── SOURCE MATERIAL ──
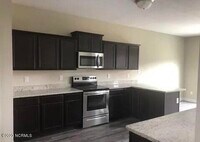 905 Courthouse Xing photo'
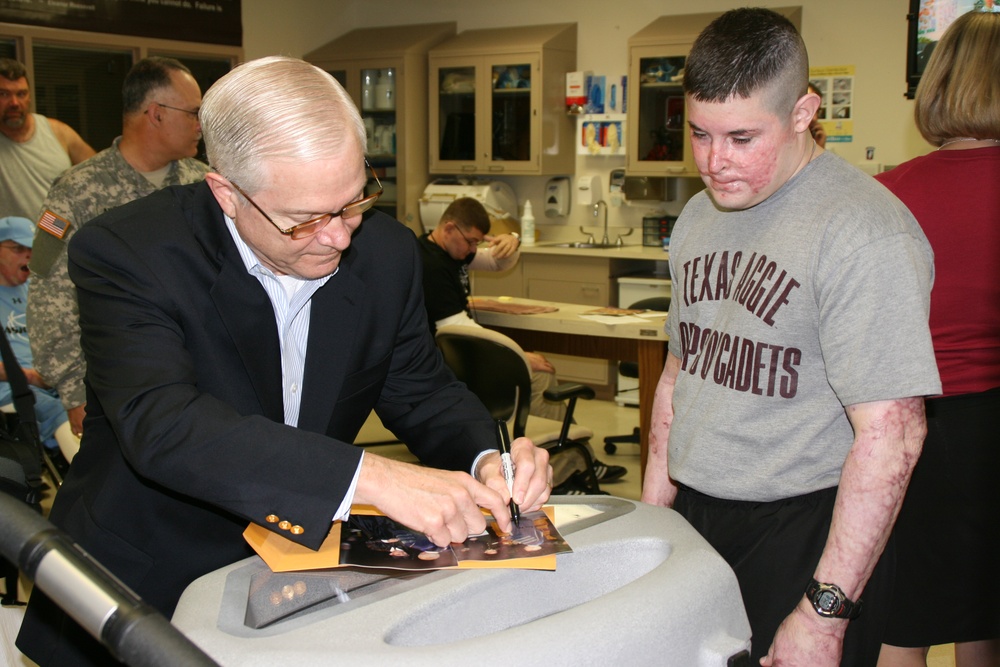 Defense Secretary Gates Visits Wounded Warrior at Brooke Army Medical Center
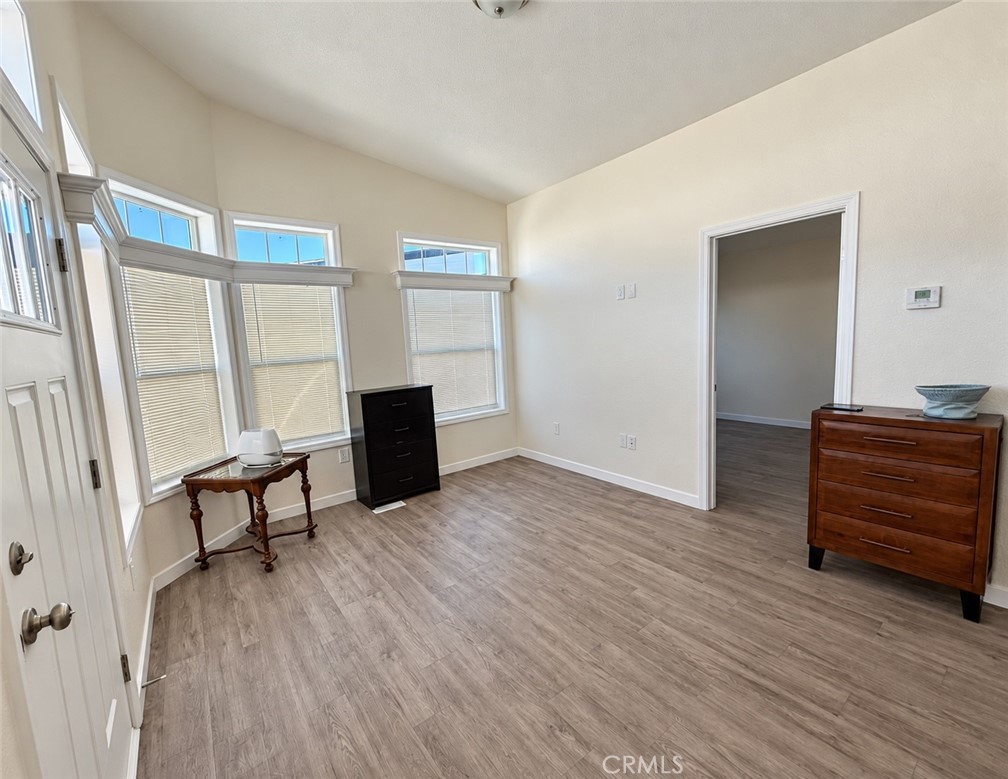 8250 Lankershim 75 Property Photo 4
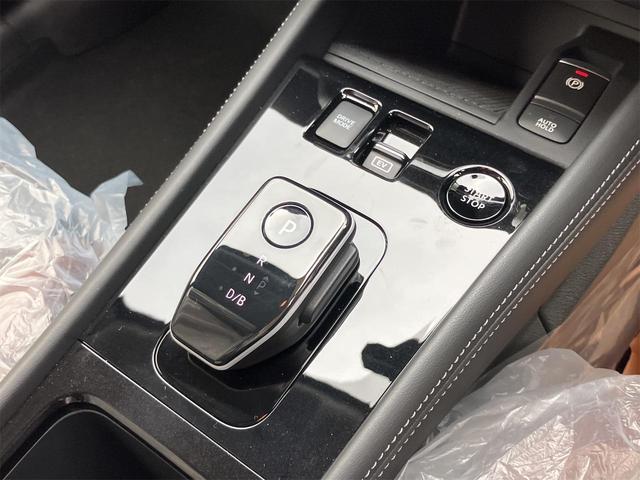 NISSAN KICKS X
───
YOUR GOAL: Give back the listing exactly, without a single picture.

EXERCISE ANSWER:
 905 Courthouse Xing photo'
 Defense Secretary Gates Visits Wounded Warrior at Brooke Army Medical Center
 8250 Lankershim 75 Property Photo 4
 NISSAN KICKS X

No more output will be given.